Elvis Andrus’s Last Hurrah
Andrus is one of the older players on the Chicago White Sox, providing a leadership role on a fairly young ball club. He has a value that doesn’t appear on the stat sheet. Advice on getting out of a 14-28 hole will help cover up for his mishaps this season. Andrus and Yasmani Grandal are the only starting position players who are at least 30 years old. Especially for a team that has been forced to play several young guys, Andrus’ leadership and experience have been very important this year.
Many young players don’t have a schedule or routine, and not having one could lead to underwhelming play. A player like Andrus can help the young guys on the White Sox get into a routine or a pattern. This can help relieve stress and anxiety before games, which should improve the quality of play for young players. Andrus also shares his baseball knowledge with young players on the White Sox, helping them get a step ahead in avoiding mistakes to become better baseball players quicker.
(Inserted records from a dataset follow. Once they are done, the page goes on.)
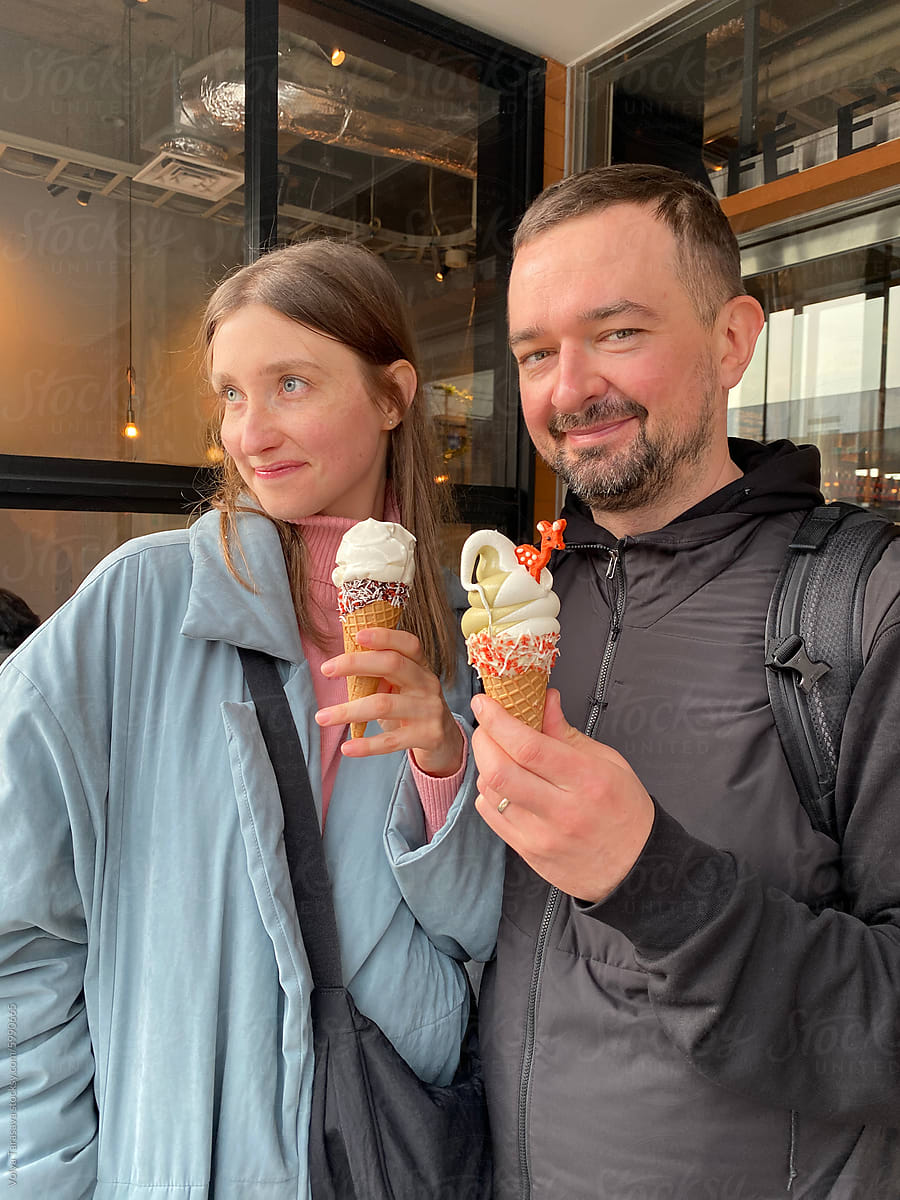 Portrait of two young friends with ice cream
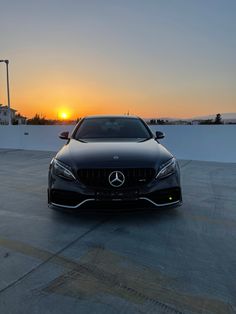 the front end of a black mercedes s - class coupe parked in a parking lot at sunset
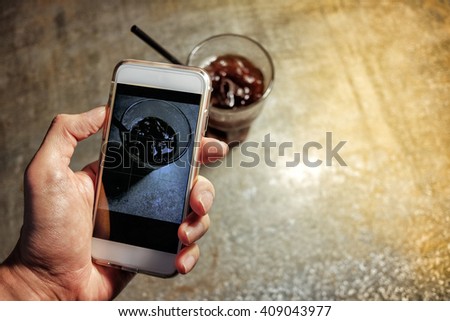 Hand taking picture of iced coffee americano on metal table surface with mobile phone with golden lighting
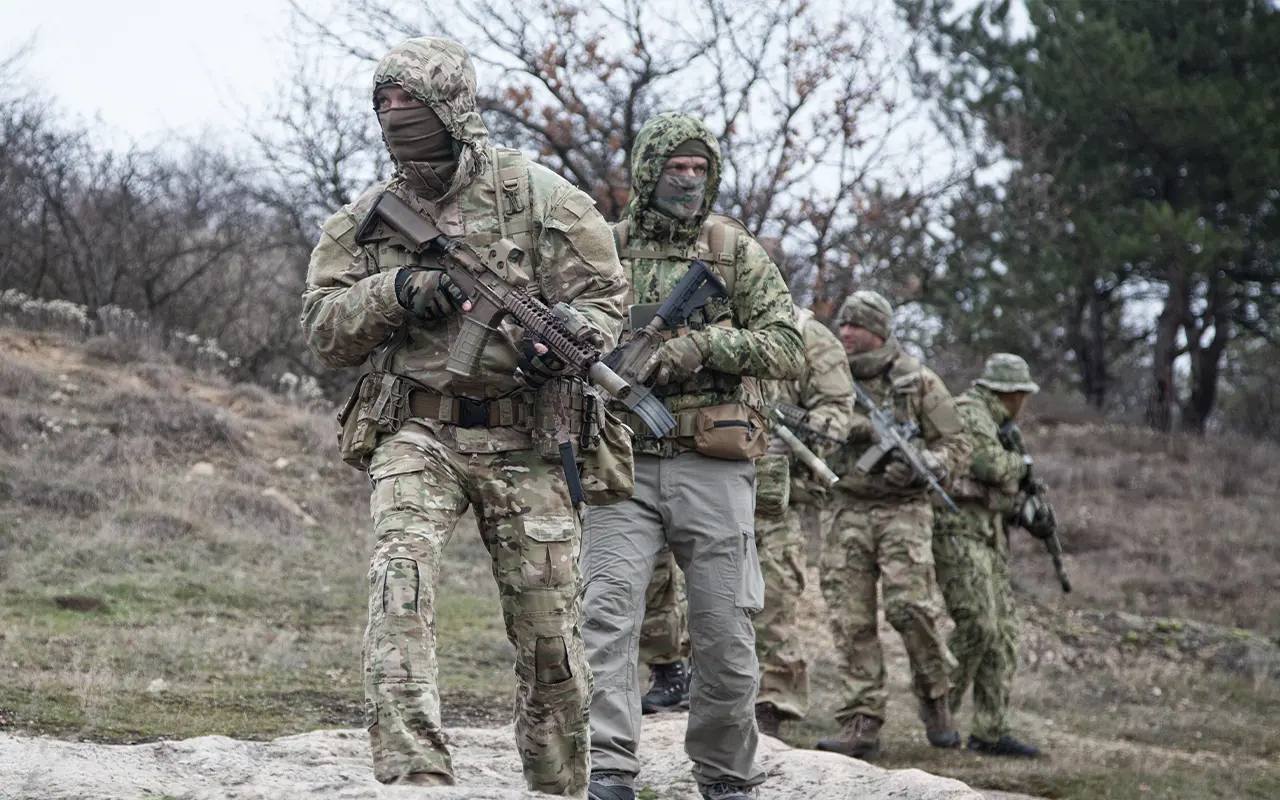 Security team conducting patrol in rural terrain with tactical equipment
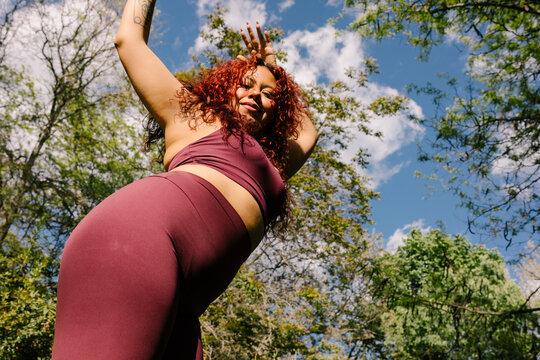 A woman dedicated to exercise works out outdoors on a sunny morning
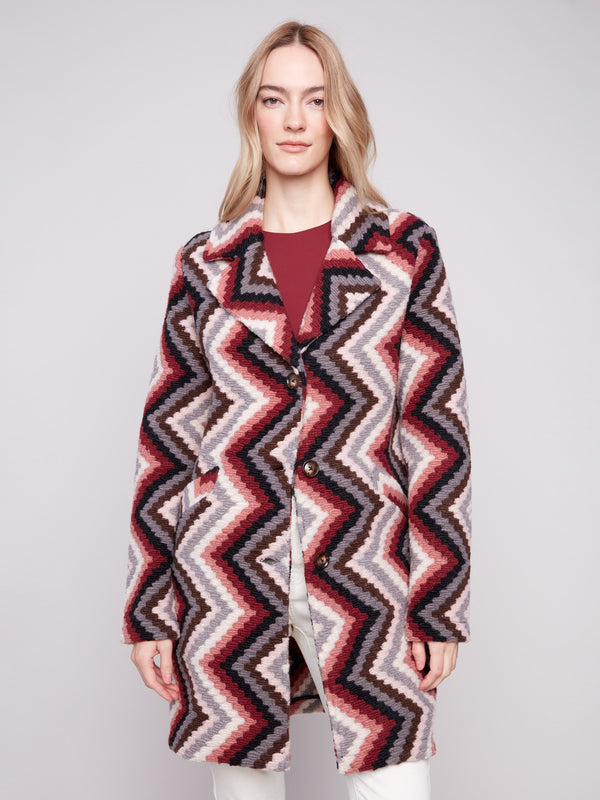 Crochet coat in primrose with tailored collar and geometric design. Features welt pockets for style by Charlie B.
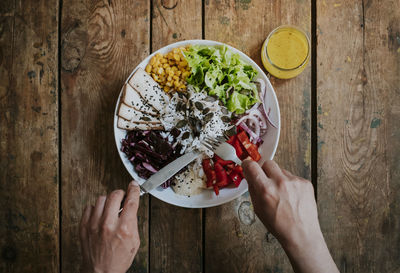 Directly above shot of hand holding food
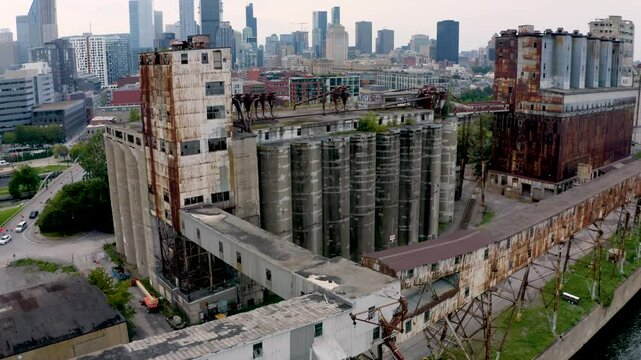Aerial shot of an old shipping yard in Montreal, featuring rows of weathered containers and industrial cranes. Captures the raw, historical charm of the port's past operations.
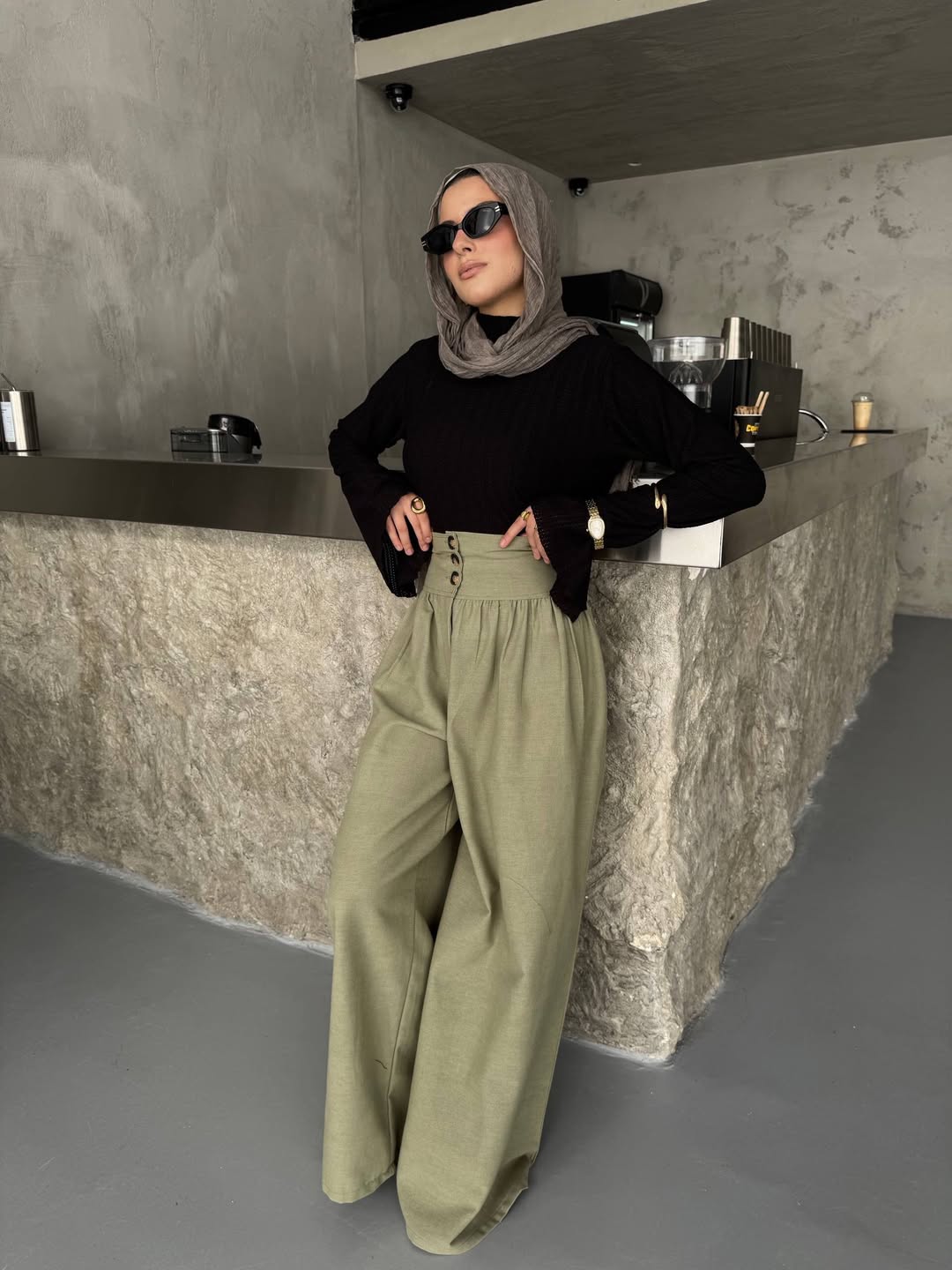25 Fall Going Out Outfits You Need for 2026 11 Chic Black Ribbed Top With Olive Wide Leg Trousers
The injury bug has yet again struck the White Sox. Eloy Jimenez, Billy Hamilton, Tim Anderson, Jake Burger, Liam Hendriks, Matt Foster, Garrett Crochet, Yoan Moncada, and Joe Kelly have all missed time this season. Andrus has been one of the few constants, ensuring himself playing time. However, even Andrus himself recently went on the 10-day IL for an oblique strain. It’s still early, but if the White Sox can’t get healthy and round into form by the All-Star break, it may be too late.
Long Road Ahead
The Southsiders must produce a comeback season to avoid another year of wasted talent. 4th place in an average division is not going to be acceptable for first-year manager Pedro Grifol. Tony La Russa may have been a problem, but he was just a small part to blame. Grifol needs to begin walking his talk, or else he may end up just like La Russa.
Elvis Andrus expected to win with the White Sox, and another disappointing season might be the last straw. A resurgence must be ignited now, with the possibility of major off-season changes looming. Even if the White Sox make some type of a comeback, fans may very well see a White Sox team next year that doesn’t include Elvis Andrus.